◆ Provided information
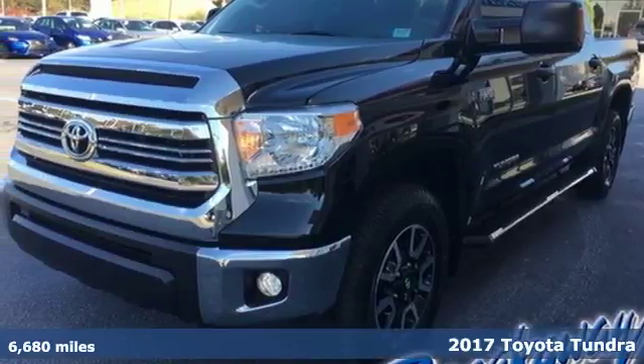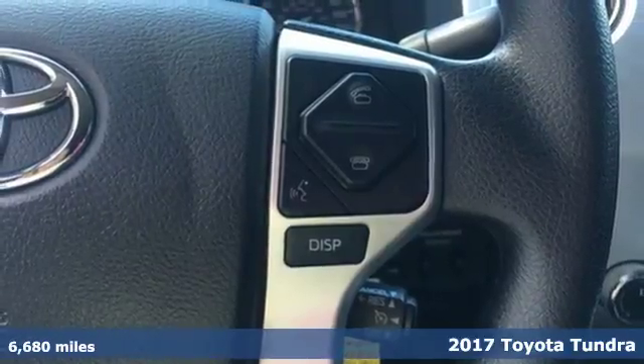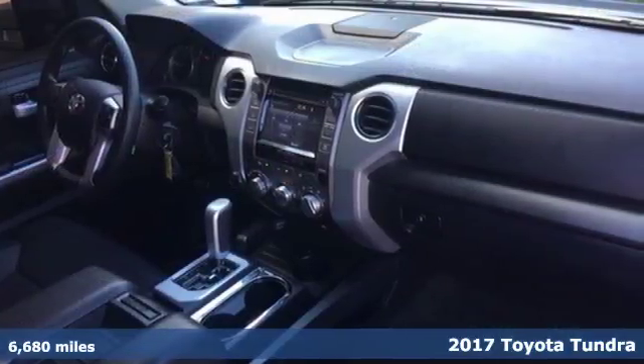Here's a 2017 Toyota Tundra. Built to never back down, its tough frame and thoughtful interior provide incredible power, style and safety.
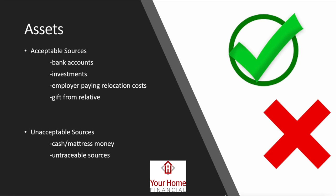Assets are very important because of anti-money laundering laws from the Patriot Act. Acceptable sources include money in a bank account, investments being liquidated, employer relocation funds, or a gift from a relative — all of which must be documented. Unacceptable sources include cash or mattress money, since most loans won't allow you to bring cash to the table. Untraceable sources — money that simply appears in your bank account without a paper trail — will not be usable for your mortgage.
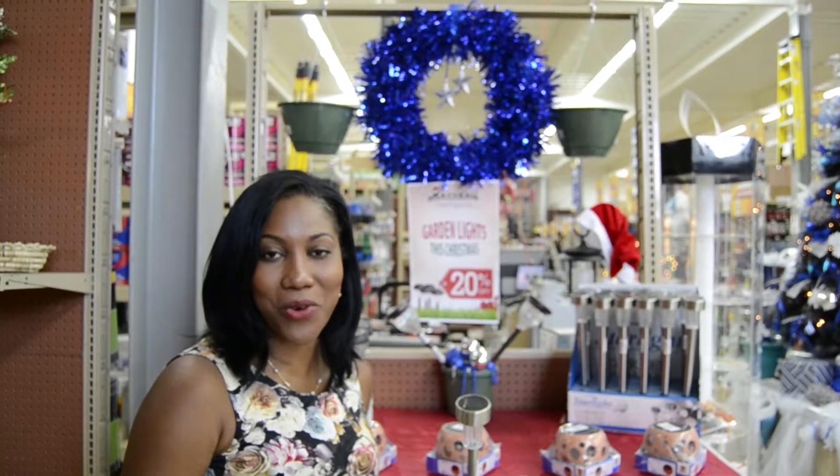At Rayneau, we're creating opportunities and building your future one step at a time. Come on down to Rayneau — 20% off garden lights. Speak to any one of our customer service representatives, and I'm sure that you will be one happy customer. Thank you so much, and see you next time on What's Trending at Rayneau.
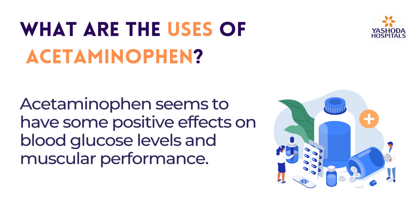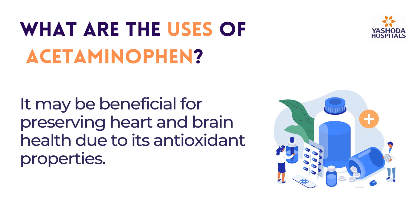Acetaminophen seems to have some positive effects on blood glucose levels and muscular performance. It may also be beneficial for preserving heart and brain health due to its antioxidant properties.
...
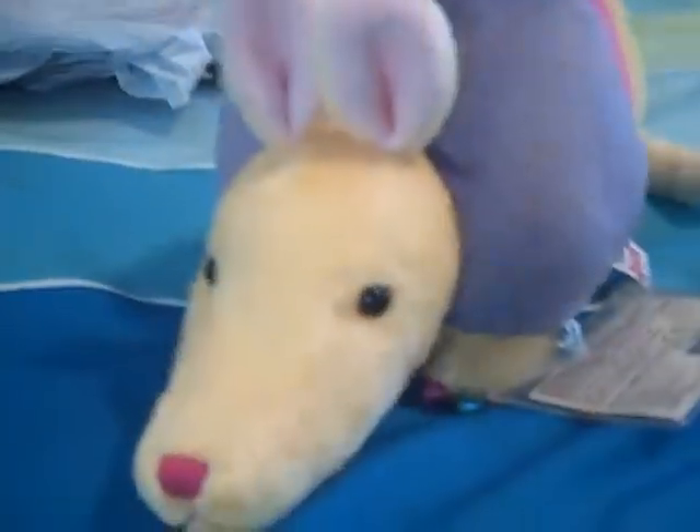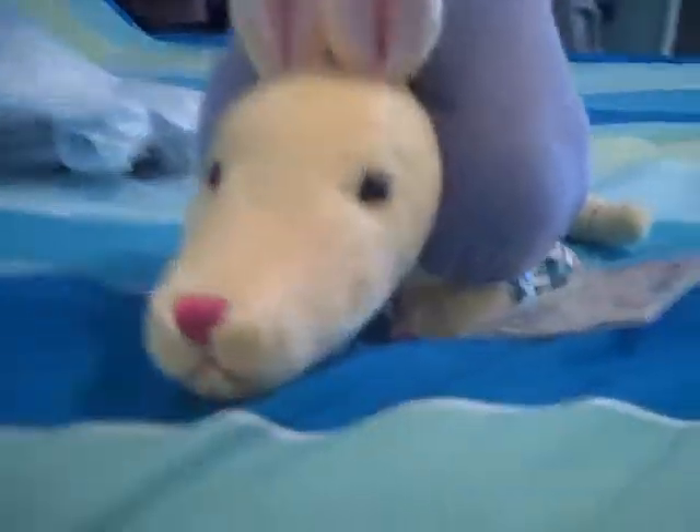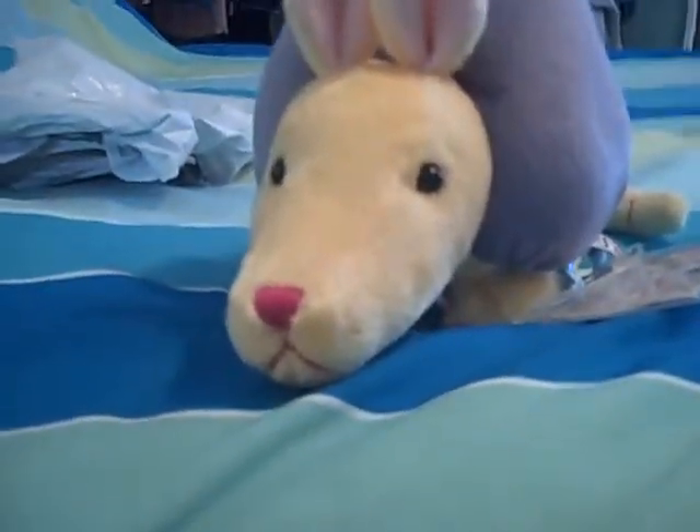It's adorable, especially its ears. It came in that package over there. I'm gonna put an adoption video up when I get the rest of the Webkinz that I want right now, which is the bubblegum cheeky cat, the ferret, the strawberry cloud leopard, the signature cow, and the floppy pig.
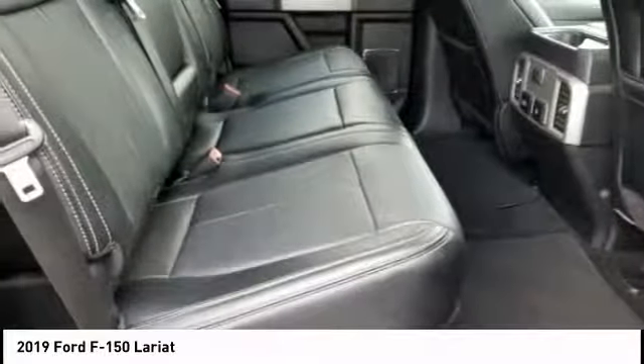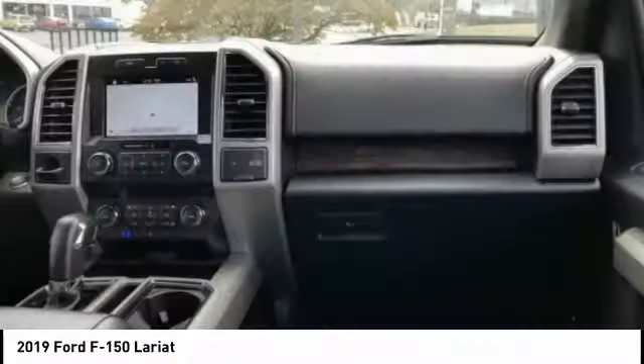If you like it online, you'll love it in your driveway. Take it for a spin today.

◆ What the task requires
Repeat the lines above exactly, beginning with the one containing "At Rayneau, we're" and finishing with the one containing "Acetaminophen seems to". No pictures belong in the copy.

◆ Exercise answer
At Rayneau, we're creating opportunities and building your future one step at a time. Come on down to Rayneau — 20% off garden lights. Speak to any one of our customer service representatives, and I'm sure that you will be one happy customer. Thank you so much, and see you next time on What's Trending at Rayneau.
Acetaminophen seems to have some positive effects on blood glucose levels and muscular performance. It may also be beneficial for preserving heart and brain health due to its antioxidant properties.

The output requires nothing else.